What is critically important is the functional architecture of this hierarchical system. Current models consider that the system is characterized by a distributed, network‐like architecture in which representations at each level of processing are realized as patterns of activation with properties of activation, inhibition, and competition (McClelland & Elman, 1986; McClelland & Rumelhart, 1986; Gaskell & Marslen‐Wilson, 1999). Not only do the dynamic properties of the network influence the degree to which a particular representation (e.g. a feature, a segment, a word) is activated or inhibited, but patterns of activation also spread to other representations that share particular structural properties. It is also assumed that the system is interactive with information flow being bidirectional; lower levels of representations may influence higher levels, and higher levels may influence lower levels. Thus, there is spreading activation not only within a level of representation (e.g. within the lexical network), but also between and within different levels of representation (e.g. phonological, lexical, and semantic levels).
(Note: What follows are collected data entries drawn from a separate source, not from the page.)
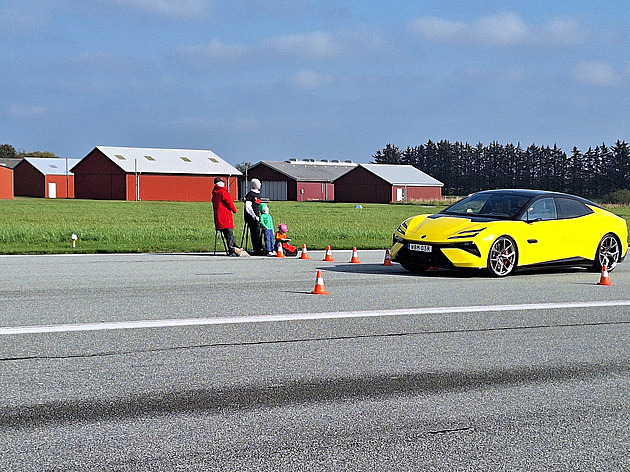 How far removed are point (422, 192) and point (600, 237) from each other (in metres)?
86.6

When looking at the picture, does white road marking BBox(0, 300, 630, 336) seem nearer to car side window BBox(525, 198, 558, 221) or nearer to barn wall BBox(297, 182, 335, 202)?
car side window BBox(525, 198, 558, 221)

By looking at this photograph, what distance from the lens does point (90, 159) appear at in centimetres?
8912

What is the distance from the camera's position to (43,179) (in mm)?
100125

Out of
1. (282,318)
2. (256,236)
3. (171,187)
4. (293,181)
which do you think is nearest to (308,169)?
(293,181)

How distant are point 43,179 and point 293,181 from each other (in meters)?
29.5

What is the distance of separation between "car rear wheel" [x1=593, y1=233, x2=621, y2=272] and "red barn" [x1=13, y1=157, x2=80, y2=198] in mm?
92720

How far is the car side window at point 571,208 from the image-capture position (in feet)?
Answer: 46.4

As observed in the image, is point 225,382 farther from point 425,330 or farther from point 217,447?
point 425,330

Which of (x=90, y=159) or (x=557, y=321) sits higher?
(x=90, y=159)

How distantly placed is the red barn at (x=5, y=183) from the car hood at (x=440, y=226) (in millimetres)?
74378

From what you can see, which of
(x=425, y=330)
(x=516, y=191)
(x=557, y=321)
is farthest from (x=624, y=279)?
(x=425, y=330)

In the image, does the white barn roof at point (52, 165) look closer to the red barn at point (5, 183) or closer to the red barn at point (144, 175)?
the red barn at point (144, 175)

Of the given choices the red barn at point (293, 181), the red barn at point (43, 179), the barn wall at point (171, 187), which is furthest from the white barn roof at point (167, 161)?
the red barn at point (43, 179)

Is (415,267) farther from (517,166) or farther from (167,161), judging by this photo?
(517,166) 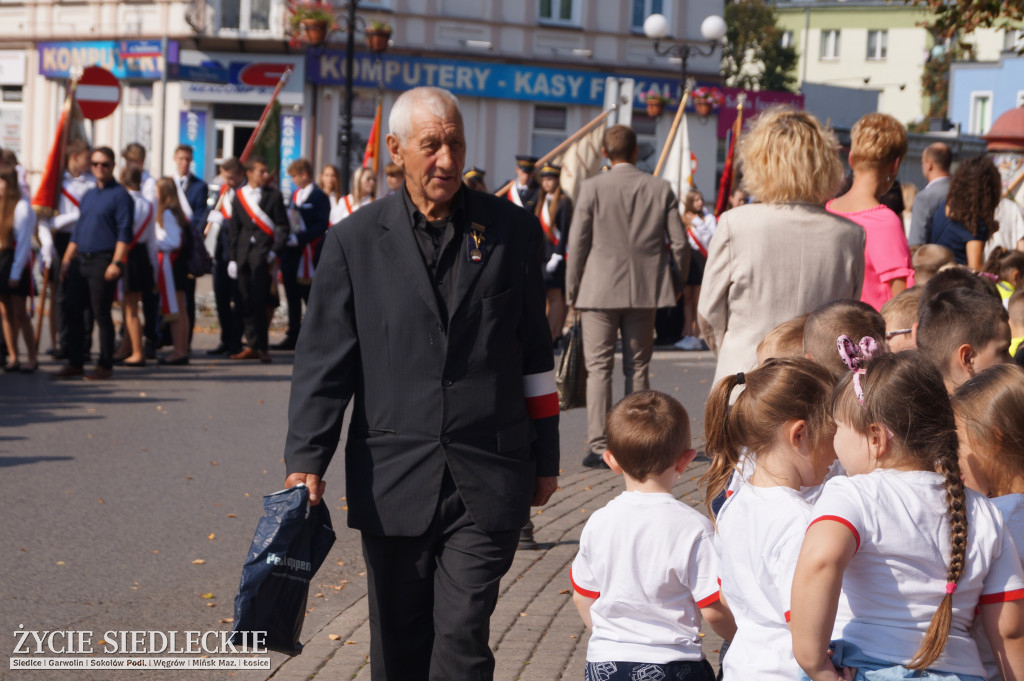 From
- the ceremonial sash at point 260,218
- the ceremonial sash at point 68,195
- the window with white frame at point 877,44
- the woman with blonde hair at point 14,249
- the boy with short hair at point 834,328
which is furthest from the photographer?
the window with white frame at point 877,44

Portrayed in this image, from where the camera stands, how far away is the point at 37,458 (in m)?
9.05

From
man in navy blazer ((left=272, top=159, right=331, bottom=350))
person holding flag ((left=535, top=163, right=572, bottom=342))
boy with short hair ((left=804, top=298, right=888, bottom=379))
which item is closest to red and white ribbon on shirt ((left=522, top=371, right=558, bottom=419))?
boy with short hair ((left=804, top=298, right=888, bottom=379))

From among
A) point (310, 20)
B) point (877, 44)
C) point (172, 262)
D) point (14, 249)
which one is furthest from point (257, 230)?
point (877, 44)

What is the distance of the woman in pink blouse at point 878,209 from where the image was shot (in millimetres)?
6090

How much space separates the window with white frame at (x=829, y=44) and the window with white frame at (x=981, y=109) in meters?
22.5

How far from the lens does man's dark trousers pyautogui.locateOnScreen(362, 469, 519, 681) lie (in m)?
3.77

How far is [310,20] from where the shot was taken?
2889 centimetres

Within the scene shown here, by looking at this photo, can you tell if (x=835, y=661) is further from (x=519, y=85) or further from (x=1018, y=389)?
(x=519, y=85)

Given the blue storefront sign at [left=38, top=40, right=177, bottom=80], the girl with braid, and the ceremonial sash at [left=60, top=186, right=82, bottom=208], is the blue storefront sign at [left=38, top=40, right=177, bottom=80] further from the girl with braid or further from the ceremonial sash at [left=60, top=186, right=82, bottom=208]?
the girl with braid

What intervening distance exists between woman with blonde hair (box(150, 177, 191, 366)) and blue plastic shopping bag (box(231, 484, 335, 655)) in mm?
10516

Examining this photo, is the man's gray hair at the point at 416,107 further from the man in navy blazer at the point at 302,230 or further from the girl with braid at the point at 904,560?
the man in navy blazer at the point at 302,230

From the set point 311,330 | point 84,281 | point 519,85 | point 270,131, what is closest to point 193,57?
point 519,85

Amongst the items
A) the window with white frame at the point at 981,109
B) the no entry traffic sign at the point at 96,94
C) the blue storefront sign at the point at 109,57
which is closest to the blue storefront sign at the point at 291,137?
the blue storefront sign at the point at 109,57

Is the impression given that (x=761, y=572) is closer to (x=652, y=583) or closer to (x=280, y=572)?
(x=652, y=583) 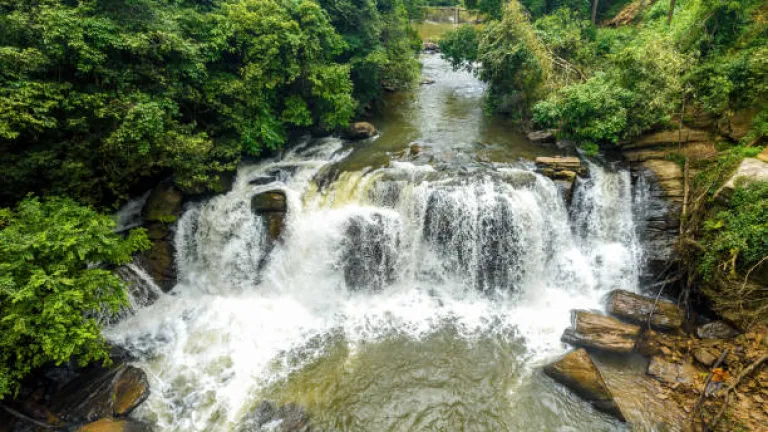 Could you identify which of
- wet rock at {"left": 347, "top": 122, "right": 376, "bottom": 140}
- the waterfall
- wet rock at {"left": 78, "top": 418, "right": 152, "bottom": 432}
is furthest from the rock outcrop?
wet rock at {"left": 347, "top": 122, "right": 376, "bottom": 140}

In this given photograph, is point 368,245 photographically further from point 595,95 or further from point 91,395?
point 595,95

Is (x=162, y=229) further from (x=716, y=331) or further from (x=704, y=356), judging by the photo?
(x=716, y=331)

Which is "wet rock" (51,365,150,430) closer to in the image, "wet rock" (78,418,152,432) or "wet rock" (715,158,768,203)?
"wet rock" (78,418,152,432)

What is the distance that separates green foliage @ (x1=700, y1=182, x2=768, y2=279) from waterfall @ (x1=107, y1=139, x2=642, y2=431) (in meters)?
1.96

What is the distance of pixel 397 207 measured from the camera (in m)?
12.1

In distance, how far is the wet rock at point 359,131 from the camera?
16266 millimetres

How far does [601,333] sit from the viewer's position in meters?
9.84

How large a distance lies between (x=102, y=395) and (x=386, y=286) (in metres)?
7.61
There are several consequences of such a functional architecture, as shown in Figure 5.1. First, there is graded activation throughout the speech‐lexical processing system; that is, the extent to which a given representation is activated is a function of the “goodness” of the input. Thus, the activation of a potential candidate is not all‐or‐none but rather is graded or probabilistic. For example, the activation of a phonetic category such as [k] will be influenced by the extent to which the acoustic‐phonetic input matches its representation. It is worth noting that graded activation is more complex than simply the extent to which a particular phonetic attribute matches its representation. Rather, the extent of activation reflects the totality of the acoustic properties giving rise to a particular phonetic category. Thus, the activation of the phonetic feature [voicing] would include the probabilities of voice onset time, burst amplitude and duration, fundamental frequency, to name a few (see Lisker, 1986). Second, because the system is interactive, activation patterns at one level of processing will influence activation at another level of processing. For example, a poor acoustic‐phonetic exemplar of a phonetic category such as [k] will influence the activation of the lexical representation of a word target such as cat.